### ASSIGNED TASK
Find the line containing "Diaphragm Hernia in", then print it and each following line through the end of the records, exactly and with nothing added; leave out any pictures.

━━━ GIVEN ENTRIES ━━━

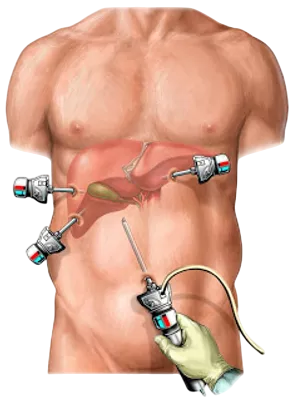 Laparoscopia para realizar colecistectomia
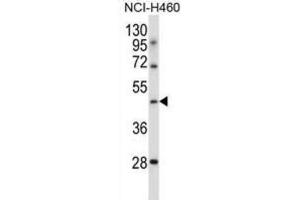 Western Blotting (WB) image for anti-Transducin-Like Enhancer of Split 6 (TLE6) antibody (ABIN2997351) (TLE6 anticorps)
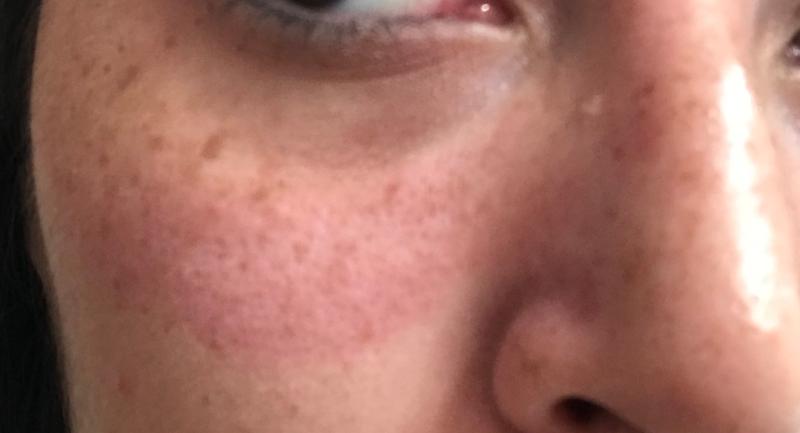 This happened on both sides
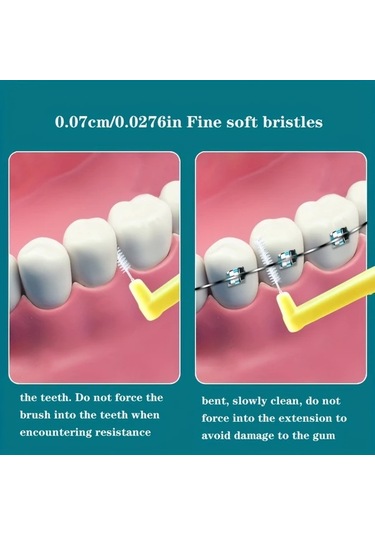 Willowhaven 10 Adet L Şekilli Diş Arası Fırçası - Sarı Paket Oral Temizlik Ve Leke Çıkarıcı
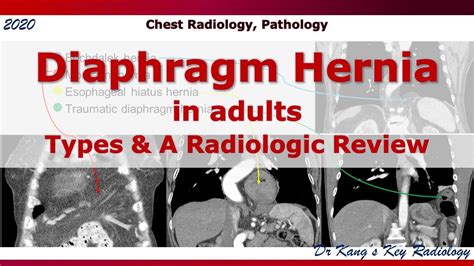 Diaphragm Hernia in Adults, Types and A Radiologic Review - YouTube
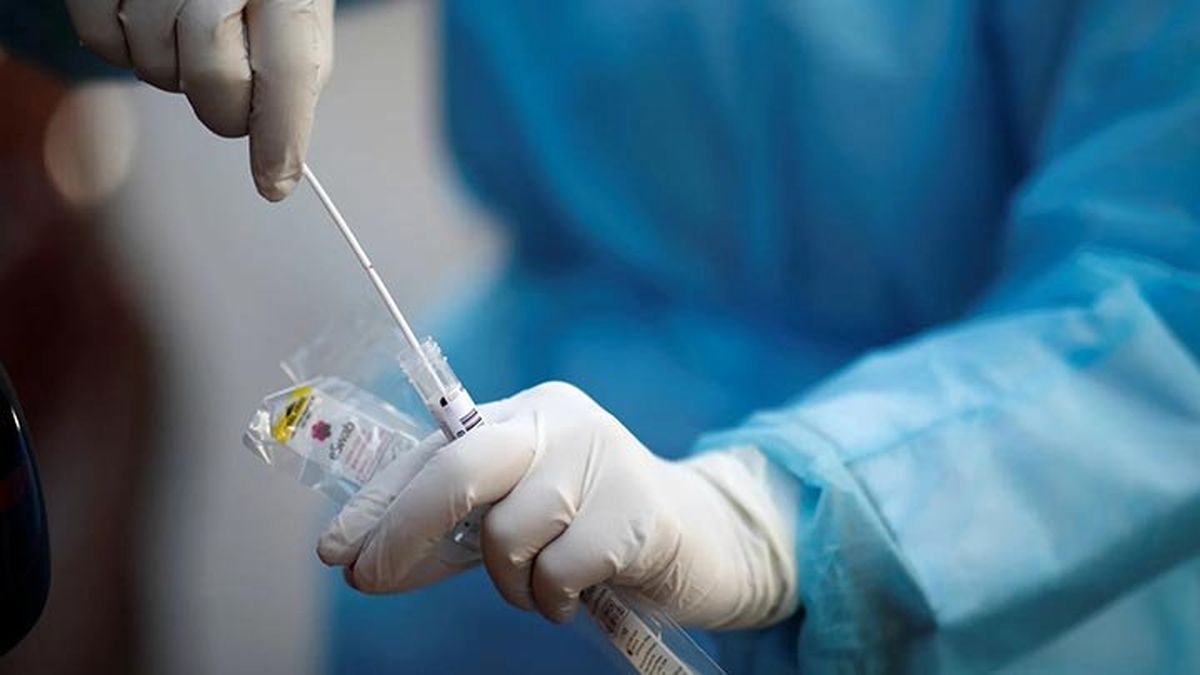 نحوه پرداخت هزینه تست PCR در بیمارستان‌های غیرطرف قرارداد بیمه سلامت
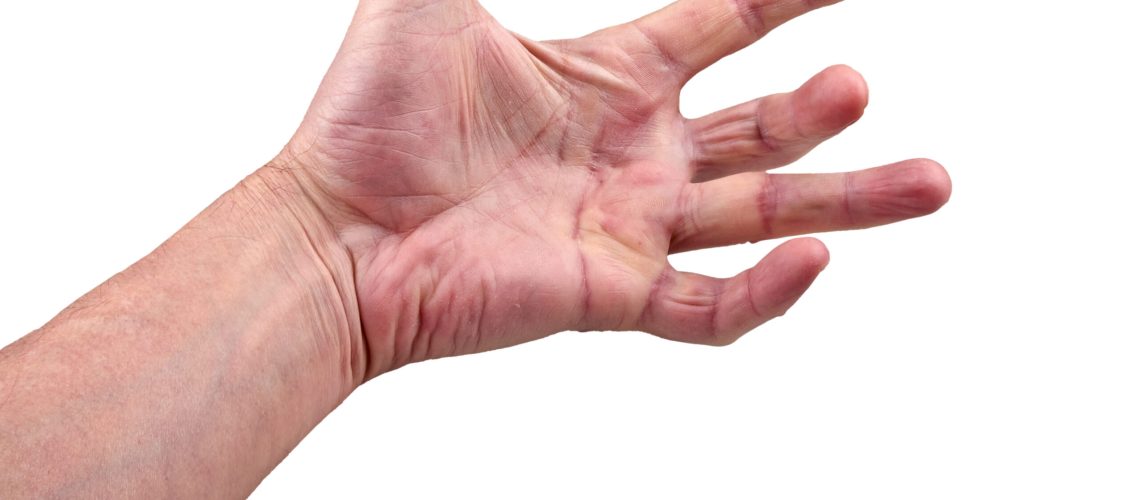 contratura de Dupuytren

━━━

### SOLUTION TO THIS TASK
 Diaphragm Hernia in Adults, Types and A Radiologic Review - YouTube
 نحوه پرداخت هزینه تست PCR در بیمارستان‌های غیرطرف قرارداد بیمه سلامت
 contratura de Dupuytren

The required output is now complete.